--- START ---
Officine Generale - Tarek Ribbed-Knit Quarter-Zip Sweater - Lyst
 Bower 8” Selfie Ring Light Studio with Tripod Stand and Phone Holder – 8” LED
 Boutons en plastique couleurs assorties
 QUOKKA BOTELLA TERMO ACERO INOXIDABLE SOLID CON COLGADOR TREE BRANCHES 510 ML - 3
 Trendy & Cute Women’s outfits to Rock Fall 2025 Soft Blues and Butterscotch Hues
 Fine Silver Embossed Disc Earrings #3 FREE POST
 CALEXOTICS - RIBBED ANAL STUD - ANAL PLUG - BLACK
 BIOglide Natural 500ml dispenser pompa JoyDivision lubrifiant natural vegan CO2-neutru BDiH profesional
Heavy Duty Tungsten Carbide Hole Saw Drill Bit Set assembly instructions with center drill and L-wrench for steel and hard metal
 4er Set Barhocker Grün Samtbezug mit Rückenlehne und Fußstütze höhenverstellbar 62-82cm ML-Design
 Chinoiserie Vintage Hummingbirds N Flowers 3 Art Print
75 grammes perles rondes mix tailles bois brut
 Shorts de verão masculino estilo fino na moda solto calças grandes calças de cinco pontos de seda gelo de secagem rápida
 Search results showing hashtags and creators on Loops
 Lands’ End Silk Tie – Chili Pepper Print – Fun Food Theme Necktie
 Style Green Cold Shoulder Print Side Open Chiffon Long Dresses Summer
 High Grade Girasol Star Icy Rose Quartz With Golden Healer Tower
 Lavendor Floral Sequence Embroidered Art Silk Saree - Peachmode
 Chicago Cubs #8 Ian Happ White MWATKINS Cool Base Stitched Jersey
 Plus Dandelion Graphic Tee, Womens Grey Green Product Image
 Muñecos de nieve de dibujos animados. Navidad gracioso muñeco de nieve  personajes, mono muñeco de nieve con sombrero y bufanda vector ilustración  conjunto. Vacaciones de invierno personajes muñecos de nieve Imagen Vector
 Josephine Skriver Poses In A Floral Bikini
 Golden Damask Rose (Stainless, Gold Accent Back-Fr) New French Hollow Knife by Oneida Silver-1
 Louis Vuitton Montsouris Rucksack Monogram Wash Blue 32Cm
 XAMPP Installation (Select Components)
--- END ---
INSTRUCTIONS TO FOLLOW
Copy out each line of the data that has the word "Silk" in it.

RESPONSE TO THE TASK
 Lands’ End Silk Tie – Chili Pepper Print – Fun Food Theme Necktie
 Lavendor Floral Sequence Embroidered Art Silk Saree - Peachmode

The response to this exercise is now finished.